Go through the records below line by line and report how many lines include "from", giving the number only.

[Opening Material provided section]

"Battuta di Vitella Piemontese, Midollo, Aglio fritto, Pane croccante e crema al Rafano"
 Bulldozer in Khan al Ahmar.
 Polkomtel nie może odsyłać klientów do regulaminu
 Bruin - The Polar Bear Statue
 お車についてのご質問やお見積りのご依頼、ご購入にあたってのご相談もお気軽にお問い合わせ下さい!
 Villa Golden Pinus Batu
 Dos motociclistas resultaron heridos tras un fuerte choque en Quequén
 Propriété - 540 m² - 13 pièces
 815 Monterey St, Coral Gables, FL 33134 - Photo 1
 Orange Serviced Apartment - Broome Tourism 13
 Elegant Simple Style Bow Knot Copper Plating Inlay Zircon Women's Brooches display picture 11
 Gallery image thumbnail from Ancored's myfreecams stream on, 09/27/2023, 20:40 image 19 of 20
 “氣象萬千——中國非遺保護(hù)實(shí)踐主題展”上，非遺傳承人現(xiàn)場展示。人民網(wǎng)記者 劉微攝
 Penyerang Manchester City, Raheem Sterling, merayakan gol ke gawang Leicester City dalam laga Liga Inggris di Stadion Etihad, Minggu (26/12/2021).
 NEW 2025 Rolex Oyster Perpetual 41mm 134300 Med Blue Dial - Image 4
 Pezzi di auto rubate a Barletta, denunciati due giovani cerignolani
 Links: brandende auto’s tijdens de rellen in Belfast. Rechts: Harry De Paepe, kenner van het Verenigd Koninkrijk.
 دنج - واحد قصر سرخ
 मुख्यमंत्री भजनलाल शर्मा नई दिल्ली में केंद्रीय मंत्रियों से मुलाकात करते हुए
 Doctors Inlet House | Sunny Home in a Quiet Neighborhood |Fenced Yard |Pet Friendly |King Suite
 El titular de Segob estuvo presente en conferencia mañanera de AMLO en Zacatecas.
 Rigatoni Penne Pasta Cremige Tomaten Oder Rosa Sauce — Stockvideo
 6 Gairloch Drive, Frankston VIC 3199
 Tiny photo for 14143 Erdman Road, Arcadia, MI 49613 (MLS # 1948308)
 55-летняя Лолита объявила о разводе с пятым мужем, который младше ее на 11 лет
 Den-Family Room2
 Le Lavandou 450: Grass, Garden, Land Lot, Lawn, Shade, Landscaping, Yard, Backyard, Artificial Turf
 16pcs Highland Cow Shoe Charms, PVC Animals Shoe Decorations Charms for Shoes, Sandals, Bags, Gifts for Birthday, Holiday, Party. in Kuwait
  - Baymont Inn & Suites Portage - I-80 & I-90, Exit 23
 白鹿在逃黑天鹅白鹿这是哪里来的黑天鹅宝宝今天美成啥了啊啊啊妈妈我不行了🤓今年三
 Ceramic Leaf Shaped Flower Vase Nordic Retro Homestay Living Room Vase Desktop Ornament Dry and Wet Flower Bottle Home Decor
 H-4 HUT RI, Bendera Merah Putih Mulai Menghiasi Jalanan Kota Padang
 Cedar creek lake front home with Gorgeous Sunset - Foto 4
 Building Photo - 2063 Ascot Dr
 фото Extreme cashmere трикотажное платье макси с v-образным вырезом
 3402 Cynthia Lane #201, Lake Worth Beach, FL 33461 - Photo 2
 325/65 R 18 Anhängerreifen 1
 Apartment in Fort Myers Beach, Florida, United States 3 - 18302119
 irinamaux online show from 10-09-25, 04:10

[Closing Material provided section]

## Reply
2